Sunday, October 20, 2013

Back to Turkey and feeling blessed

While waiting with two backpacks in Istanbul otogar (main bus station) alone, as Adley was running between different bus companies to check bus tickets time and price towards the Black Sea coast,  I was suddenly approached by two teenage girls walking passed after their friends. They gave me a friendly smile and suddenly hugged me with kisses on both of my cheeks, one by one, and walked away!!! It was sweet but left me rather confused. 

After an overnight bus ride from Istanbul towards Bartin, an early connecting bus took us to Amasra, we walked a little bit around the small seaside town and managed a rather long lift to Sinop, where we stayed for a night. 

In Sinop, we found a pansion in a convenience location. Price was fair but we still tried to bargain. The owner stood firm on the rate but offered us home cuisine and Turkish tea all the time.  We tried freshly made Barack, fig jam, paprika dip, tomato nut dip and got so many cooking tips. Her kitchen cum reception cum living room is always fragranced with food.
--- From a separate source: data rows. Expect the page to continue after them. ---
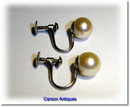 Pr Vintage Single 7.5mm Round Japanese Akoya (Salt Water) Cultured Pearl Earrings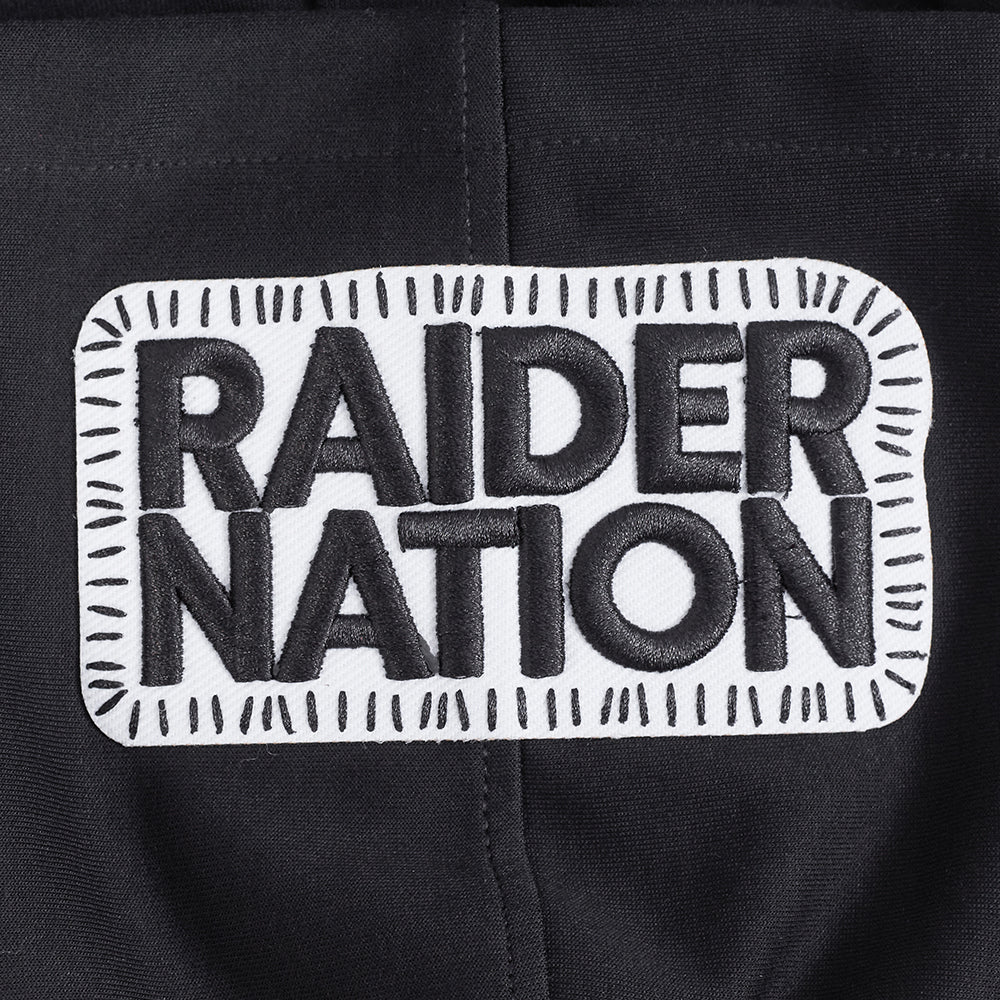NFL LAS VEGAS RAIDERS DIY PICK STITCH MEN'S DOUBLE KNIT PULLOVER HOODIE (BLACK)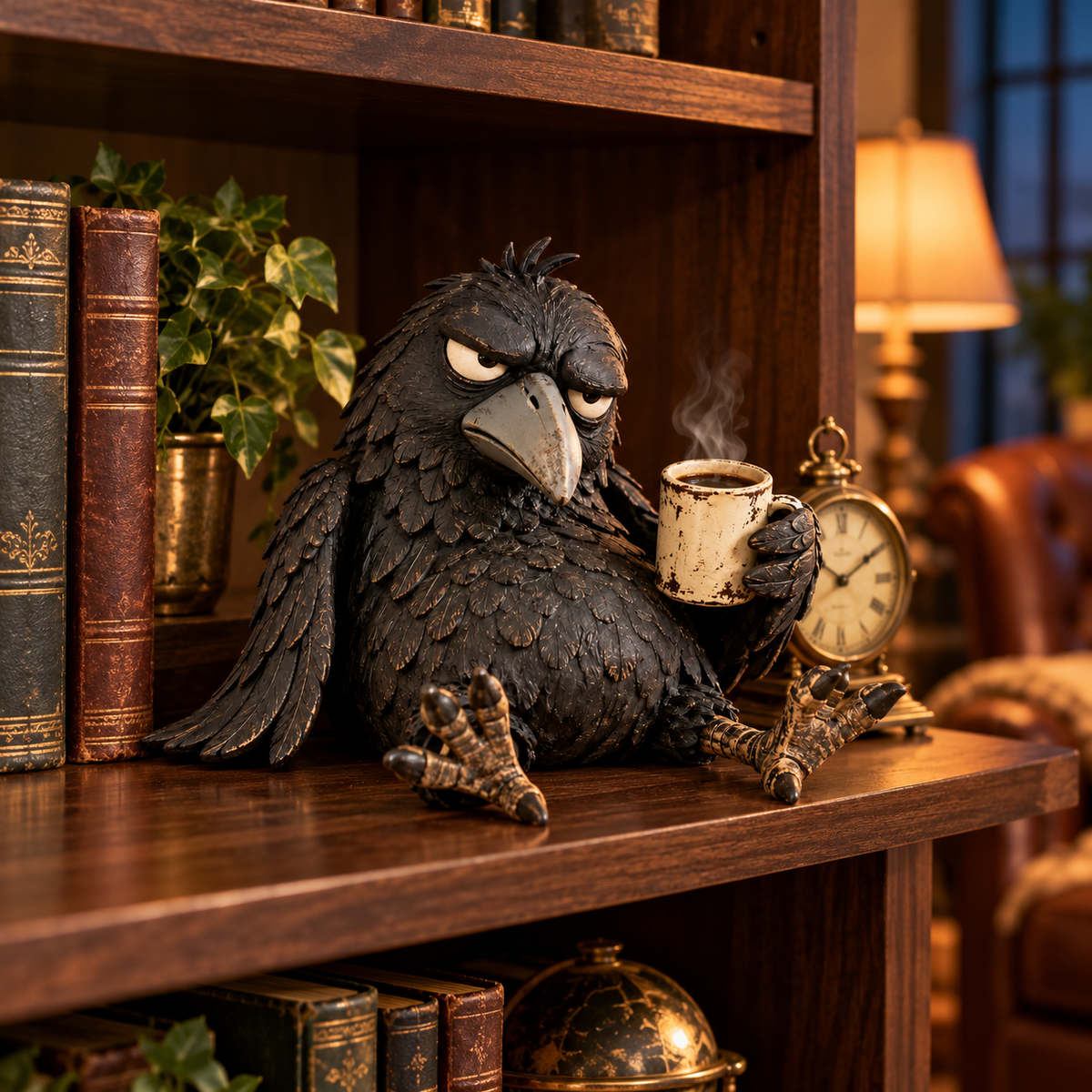 🔥Rustic Vintage Raven Figurine with Coffee Mug – Grumpy Crow Farmhouse Tabletop Decor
We are at the right time of Bayram in Turkey, and witnessed the animal butchering ceremony in Sinop the next day. Sheep and cows are contributed by the wealthy ones. Butchers then killed and cut in public with the raw meat given out to poor people. It's a rather unusual event to watch, though not for the faint hearted and probably vegetarians. There was a lot of blood, some struggle but not much heart breaking cries. We heard that usually after Bayram, there will always be a day of rain. Seems that God has his way to clean the land.

Later at night, we watched news about runaway cows and injured helpers during the ceremony all around Turkey.  Our friend laughed that this always happened every year. Such great escape is almost an entertainment.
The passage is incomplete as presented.